How to compose the Bayer Raw10 data by C/C++ effectively?

Question

Compose two raw image buffers:

1. The Bayer raw data including 10 bits per one pixel;
2. a raw buffer has 4192x3104 pixels
3. simply add the corresponding bit data
4. using C/C++ lang
5. on the Android mobile platform

How to compose the two raw buffers effectively?

Now, I try to do it like this:

1. read 8 pixels from rawBuf1 and rawBuf2, since I can use a 16 bit array (unsigned short pixelWord[5]) with 5 lengths to store them( 8X10 bits = 5x16 bits)
2. I do like this: the p0 unsigned short p0 = (unsigned short )((pixelWord1[0] & 0X03FF) +(pixelWord2[0] & 0X03FF)), etc.
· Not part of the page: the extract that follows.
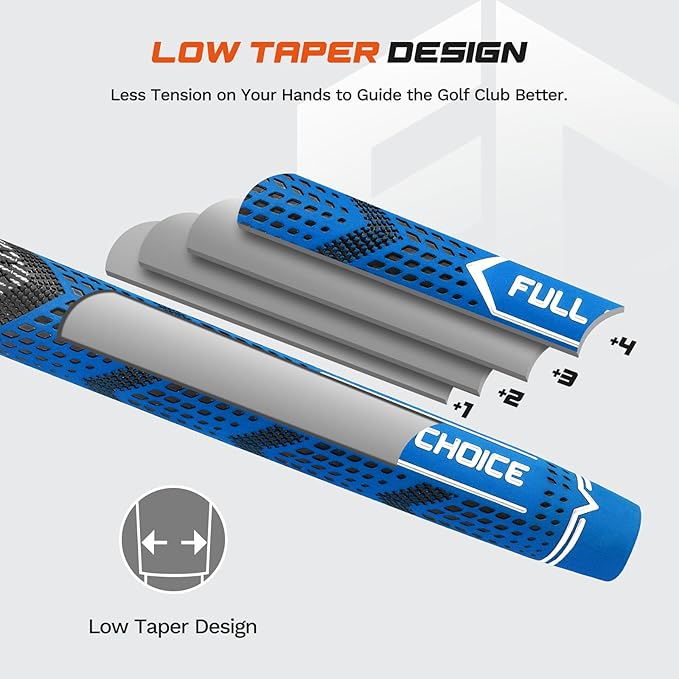 Cross Corded Golf Grips 13 Pack, Low Taper Design, Choose from 13 Grips or 13 Grips with All Kits, 3 Sizes 5 Colors Options, Multi-compound Hybrid Golf Club Grips, CG01 Series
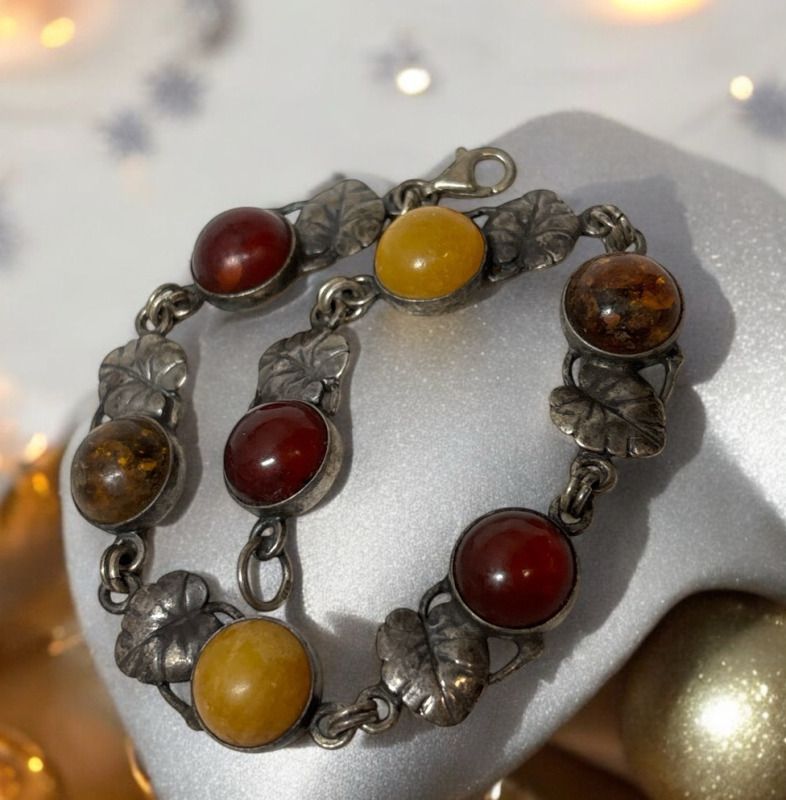 925 Sterling Silver 7 Link Round Amber Bracelet Stamped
But the upper is too inefficient.

Answer 1

The pixel data comes as a stream of bytes, stored in a raw buffer

unsigned char rawBuf1[100], rawBuf2[100];

Depending on the endianness of your platform, you might try bit fields and let the compiler figure out, how to access the pixels

struct pixels0 {
    unsigned long long p0 : 10;
    unsigned long long p1 : 10;
    unsigned long long p2 : 10;
    unsigned long long p3 : 10;
    unsigned long long p4 : 10;
    unsigned long long p5 : 10;
};

struct pixels6 {
    unsigned long long pad : 4;
    unsigned long long p6 : 10;
    unsigned long long p7 : 10;
};

You would use this as

unsigned short p0 = ((struct pixels0*)&rawBuf1[0])->p0 + ((struct pixels0*)&rawBuf2[0])->p0;
/* ... */
unsigned short p5 = ((struct pixels0*)&rawBuf1[0])->p5 + ((struct pixels0*)&rawBuf2[0])->p5;
unsigned short p6 = ((struct pixels6*)&rawBuf1[7])->p6 + ((struct pixels6*)&rawBuf2[7])->p6;
unsigned short p7 = ((struct pixels6*)&rawBuf1[7])->p7 + ((struct pixels6*)&rawBuf2[7])->p;

But be aware, that this is highly platform and compiler dependent, if it works at all.